What is needed
From the first line to the last, copy the material exactly and leave the pictures out.

Supplied material
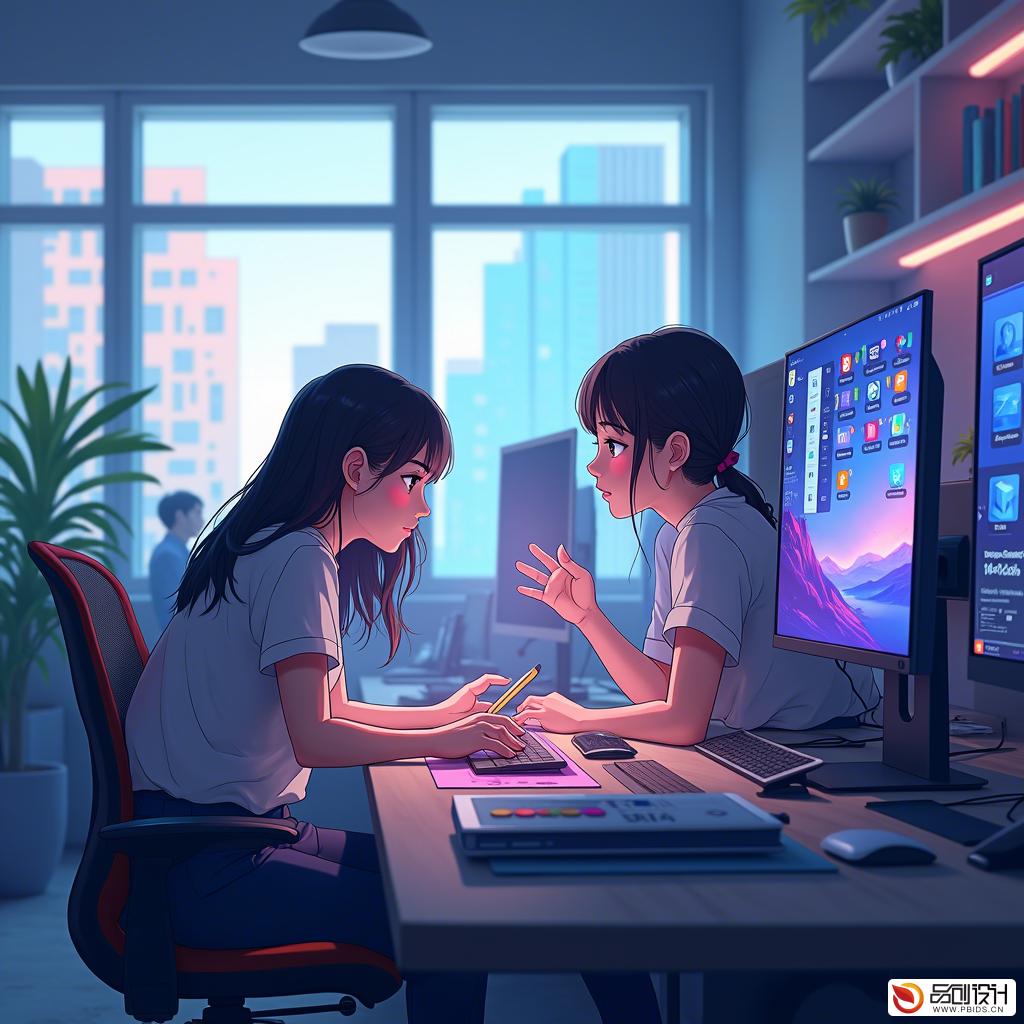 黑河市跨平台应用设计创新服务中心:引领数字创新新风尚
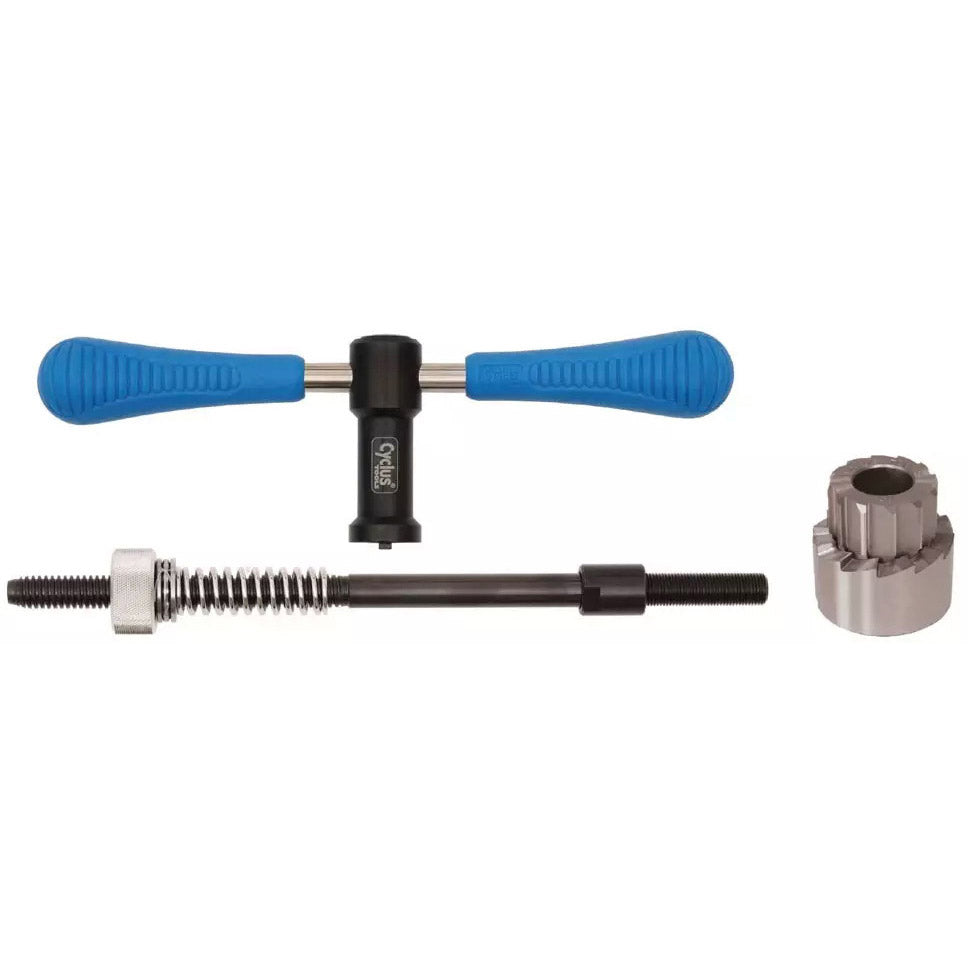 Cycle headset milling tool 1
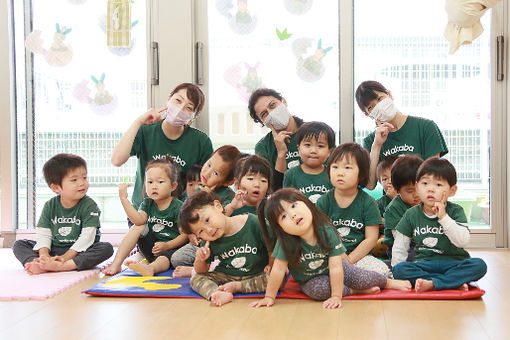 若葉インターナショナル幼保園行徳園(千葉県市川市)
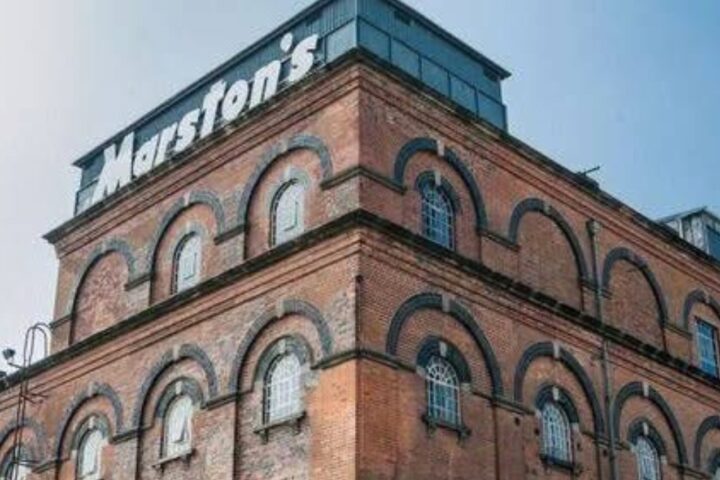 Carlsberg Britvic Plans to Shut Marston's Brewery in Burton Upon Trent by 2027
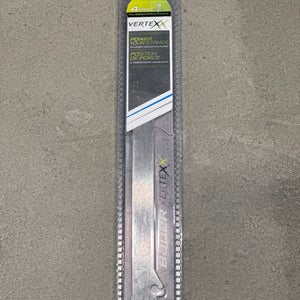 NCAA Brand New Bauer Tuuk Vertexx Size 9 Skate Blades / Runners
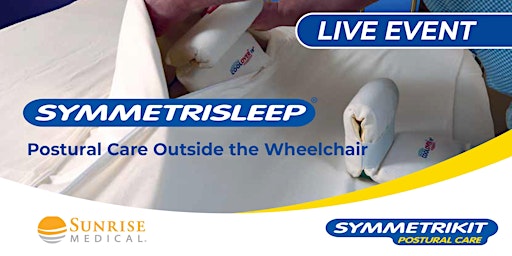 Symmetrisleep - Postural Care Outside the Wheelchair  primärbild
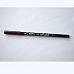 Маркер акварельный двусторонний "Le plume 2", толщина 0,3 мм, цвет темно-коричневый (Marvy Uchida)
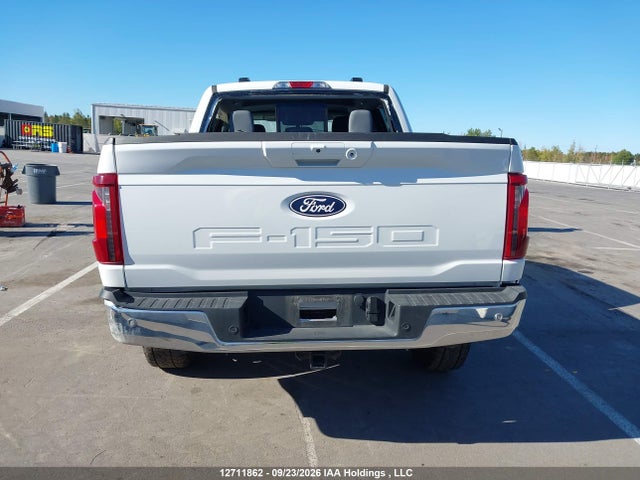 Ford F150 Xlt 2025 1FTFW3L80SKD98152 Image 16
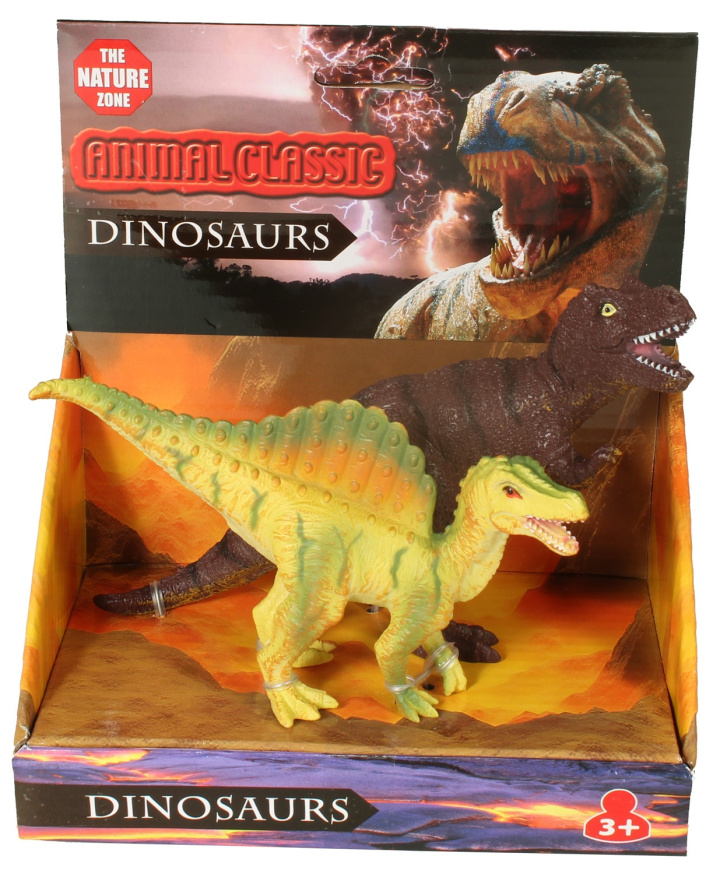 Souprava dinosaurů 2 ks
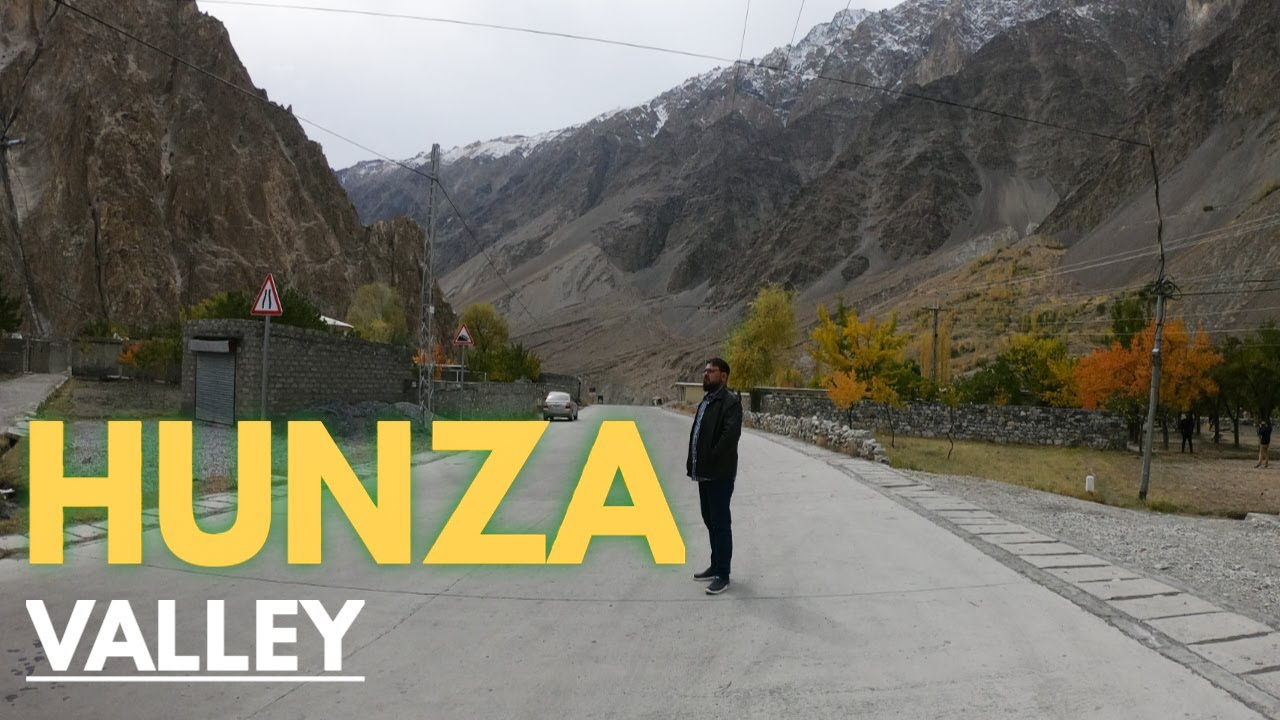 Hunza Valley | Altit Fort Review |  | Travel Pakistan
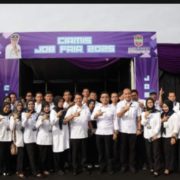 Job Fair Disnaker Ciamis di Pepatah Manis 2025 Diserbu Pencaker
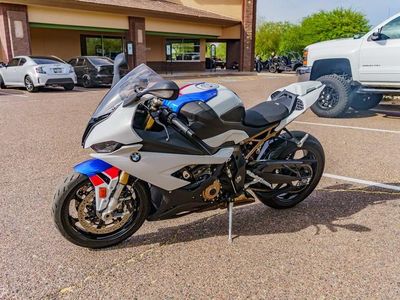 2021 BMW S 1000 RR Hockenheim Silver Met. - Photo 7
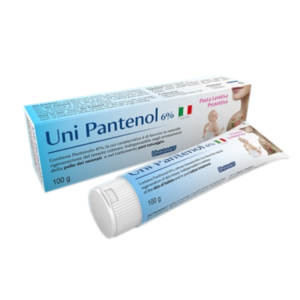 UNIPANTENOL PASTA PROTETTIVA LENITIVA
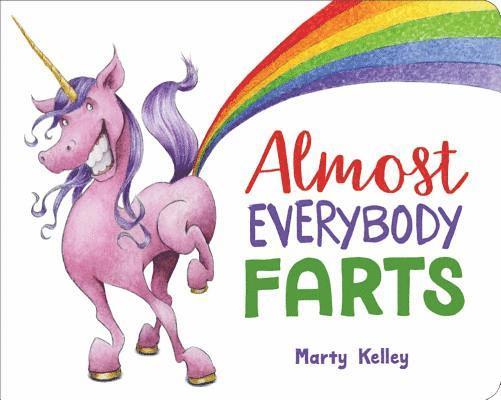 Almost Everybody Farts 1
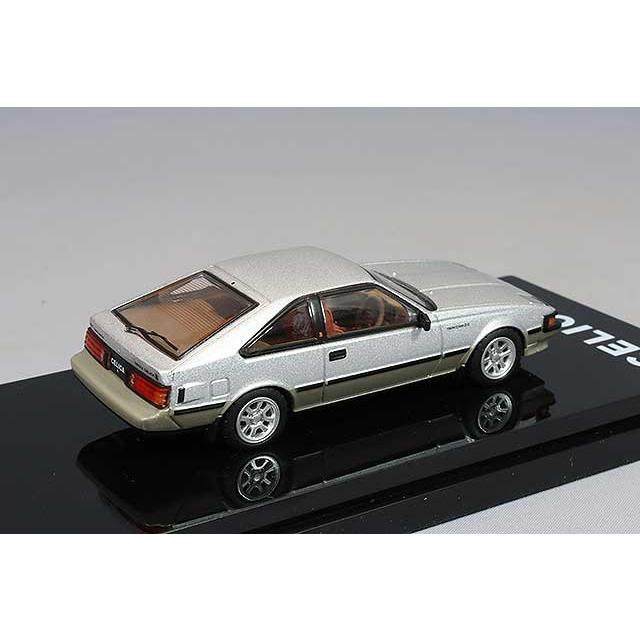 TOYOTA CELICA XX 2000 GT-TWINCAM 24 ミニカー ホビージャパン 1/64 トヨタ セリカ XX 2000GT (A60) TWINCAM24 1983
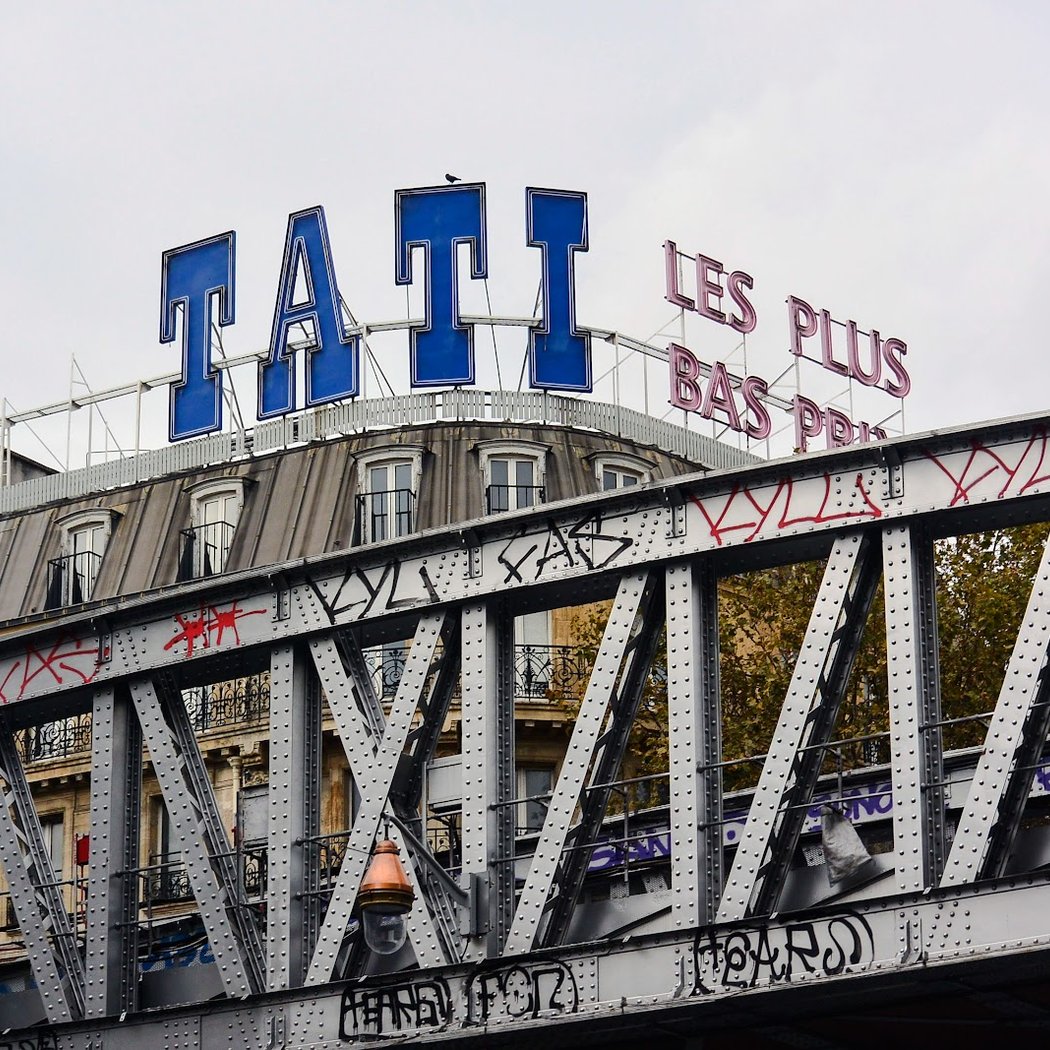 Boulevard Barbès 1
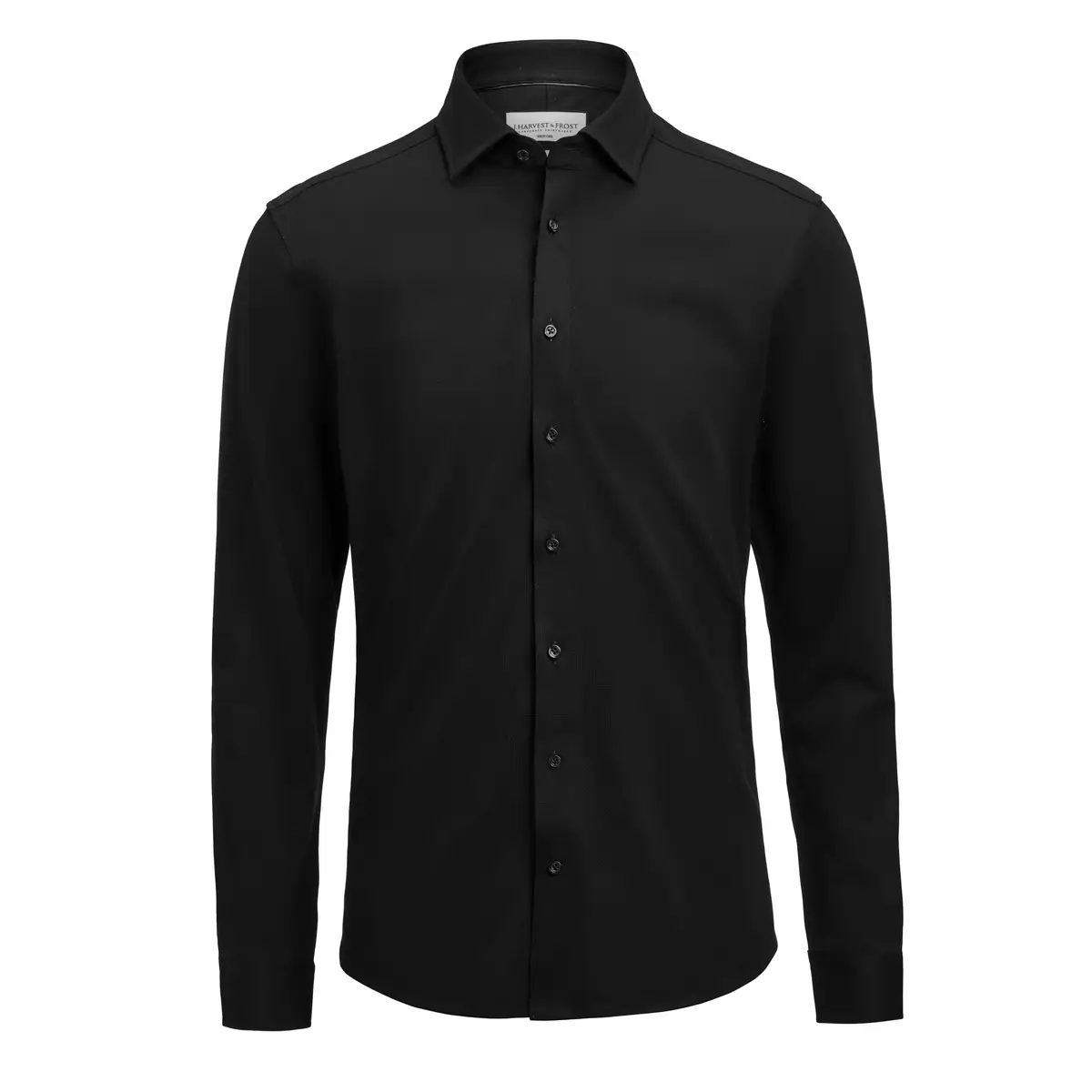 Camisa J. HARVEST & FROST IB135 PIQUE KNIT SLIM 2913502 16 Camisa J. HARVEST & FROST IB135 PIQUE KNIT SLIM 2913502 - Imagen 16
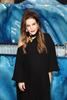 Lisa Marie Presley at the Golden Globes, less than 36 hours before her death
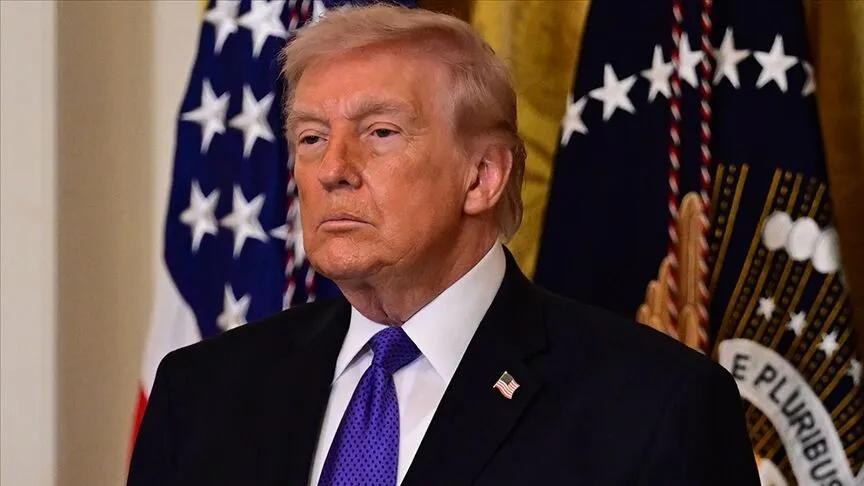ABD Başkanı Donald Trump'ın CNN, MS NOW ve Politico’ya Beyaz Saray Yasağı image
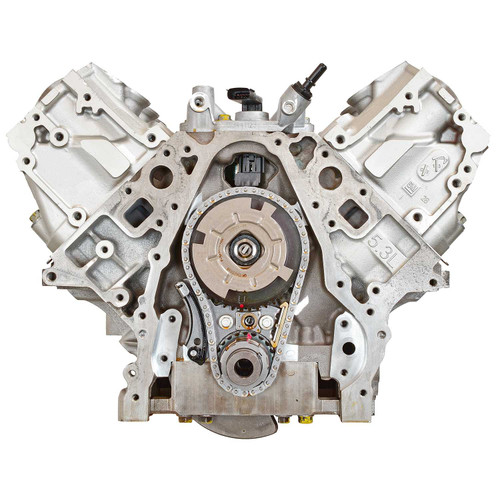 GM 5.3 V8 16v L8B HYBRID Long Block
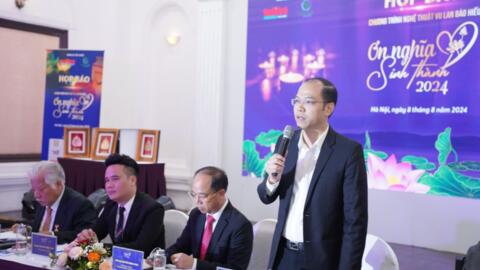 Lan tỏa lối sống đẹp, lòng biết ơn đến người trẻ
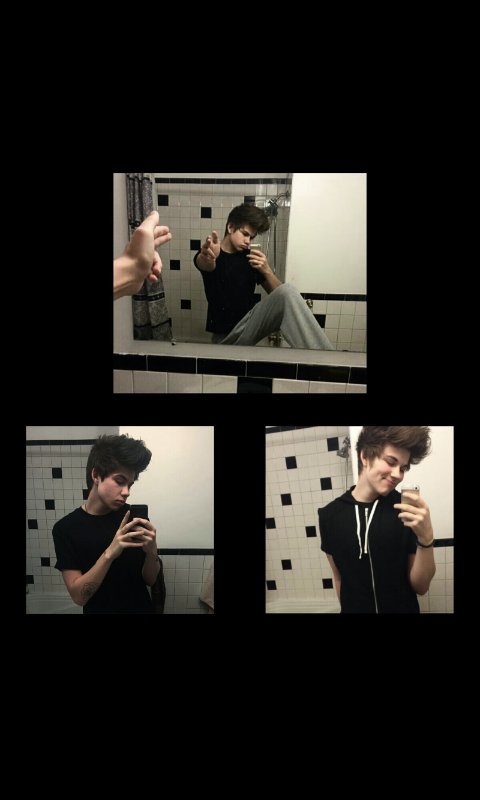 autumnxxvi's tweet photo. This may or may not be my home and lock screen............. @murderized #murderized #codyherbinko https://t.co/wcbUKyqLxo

Output
 黑河市跨平台应用设计创新服务中心:引领数字创新新风尚
 Cycle headset milling tool 1
 若葉インターナショナル幼保園行徳園(千葉県市川市)
 Carlsberg Britvic Plans to Shut Marston's Brewery in Burton Upon Trent by 2027
 NCAA Brand New Bauer Tuuk Vertexx Size 9 Skate Blades / Runners
 Symmetrisleep - Postural Care Outside the Wheelchair  primärbild
 Маркер акварельный двусторонний "Le plume 2", толщина 0,3 мм, цвет темно-коричневый (Marvy Uchida)
 Ford F150 Xlt 2025 1FTFW3L80SKD98152 Image 16
 Souprava dinosaurů 2 ks
 Hunza Valley | Altit Fort Review |  | Travel Pakistan
 Job Fair Disnaker Ciamis di Pepatah Manis 2025 Diserbu Pencaker
 2021 BMW S 1000 RR Hockenheim Silver Met. - Photo 7
 UNIPANTENOL PASTA PROTETTIVA LENITIVA
 Almost Everybody Farts 1
 TOYOTA CELICA XX 2000 GT-TWINCAM 24 ミニカー ホビージャパン 1/64 トヨタ セリカ XX 2000GT (A60) TWINCAM24 1983
 Boulevard Barbès 1
 Camisa J. HARVEST & FROST IB135 PIQUE KNIT SLIM 2913502 16 Camisa J. HARVEST & FROST IB135 PIQUE KNIT SLIM 2913502 - Imagen 16
 Lisa Marie Presley at the Golden Globes, less than 36 hours before her death
ABD Başkanı Donald Trump'ın CNN, MS NOW ve Politico’ya Beyaz Saray Yasağı image
 GM 5.3 V8 16v L8B HYBRID Long Block
 Lan tỏa lối sống đẹp, lòng biết ơn đến người trẻ
 autumnxxvi's tweet photo. This may or may not be my home and lock screen............. @murderized #murderized #codyherbinko https://t.co/wcbUKyqLxo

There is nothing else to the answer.